Do I Need to Insource to Achieve My DevOps Goals?
Do I Need to Insource to Achieve My DevOps Goals?
Chapters
Full transcript
The complete talk, organized by section.
Host Intro (Gene Kim)
So the next speaker is Ben Grinnell. He is one of the very few people who has attended every one of the 15 DevOps Enterprise Summits we've had since 2014.
Seventeen years ago, he founded a consultancy in the UK who aimed to be the friend of the CIO and to grow client capability, not consulting dependency. That became North Highland, a global change and transformation consultancy with 3,500 consultants.
I'm so grateful that he's been a part of the programming committee since 2016. Like all program committee members, he brings his own problems that he wants to solve, things he wants to learn, experts he wants to see.
There's something that he brought up earlier this year that definitely caught my attention. He pointed out that, as a program committee, we've had some pretty explicit biases against outsourcers, favoring organizations that have insourced their engineering talent. But we know that this is not a prerequisite to get great engineering and business outcomes. After all, we've featured many stories like this. And as some of you may know, in the State of DevOps research, we found that it is not outsourcing that's counter to performance; it's functional outsourcing, where you give Dev to one group, Ops to another, Security to yet another. This is what drives up coordination costs.
He presented earlier in London on a problem that he wants to solve, and all I can say is that it feels like a very important frontier that so many in this community will have to solve. More exciting is what he wants to do about it. So here's Ben.
Ben Grinnell
Good morning, everybody.
I hope you're all having a fantastic learning, networking, conference-live experience so far. I know I have, and it's definitely been too long.

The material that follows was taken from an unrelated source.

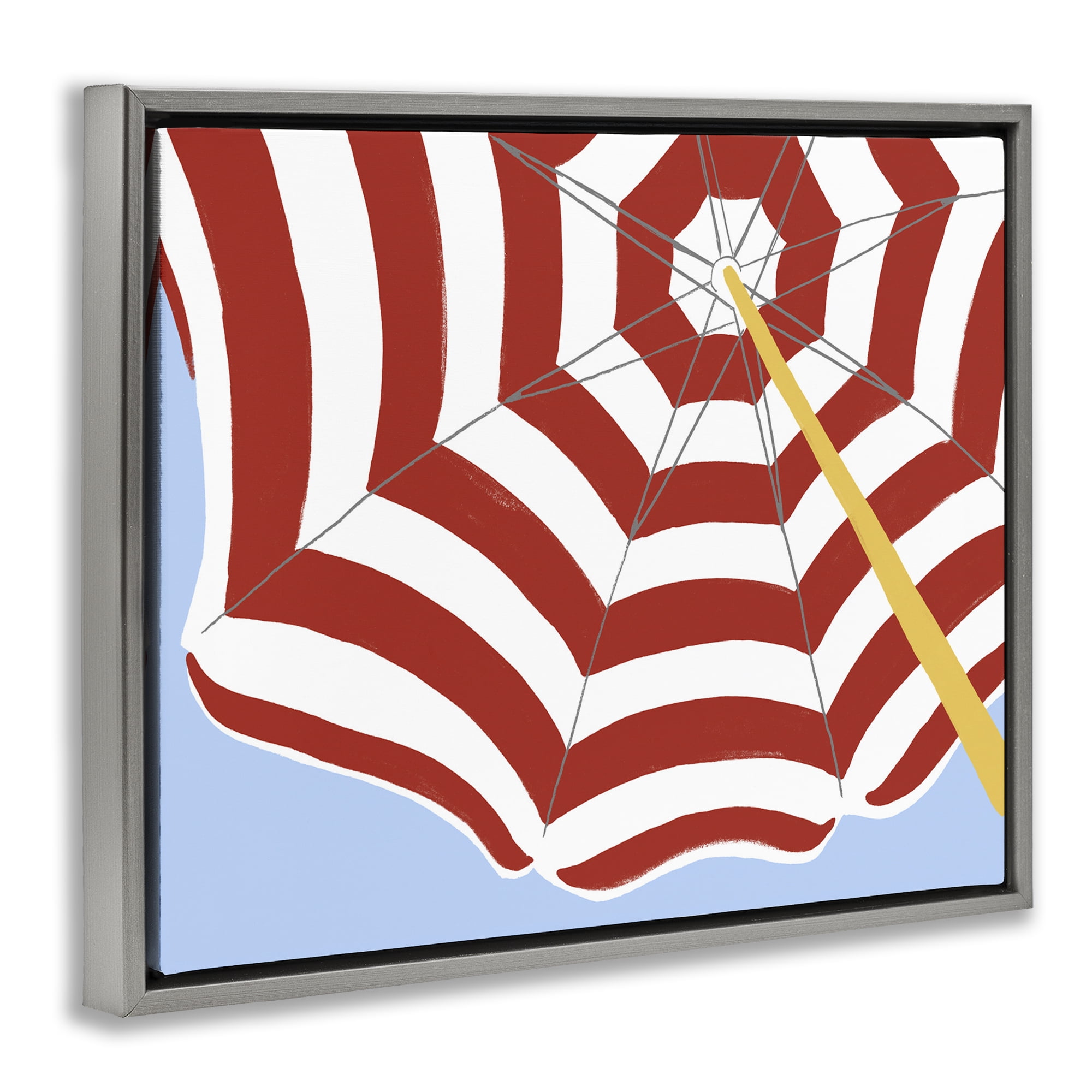 Stupell Industries Red & White Umbrella Coastal Painting Gray Floater Framed Canvas Art Print Wall Art, 31 x 25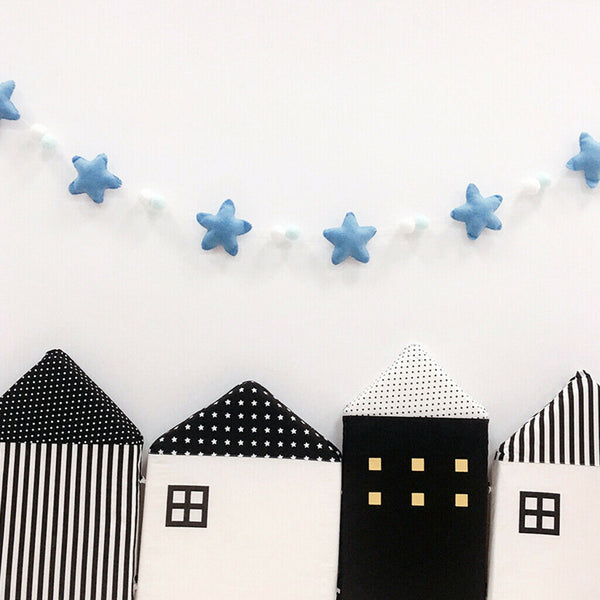 Pompoms Balls Star Garland Wall Hanging Ornament Canopy Crib Tent Decor Blue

This morning, I want to start an important conversation with all of you and build some momentum in this community around a problem that I think we've largely ignored, and one that frustrates millions of IT workers.
01Background
Before I do that, let me quickly introduce myself.
I started my career in the early 90s in Ops. I was a VAX/VMS system manager, if anyone knows what that is anymore. By the late 90s, I was moving into Dev. I'd funded my PhD business by designing company websites in Netscape and Mosaic. Then I got a proper job as a consultant at Andersen's, mainly programming in Java, a bit before that famous Enron scandal.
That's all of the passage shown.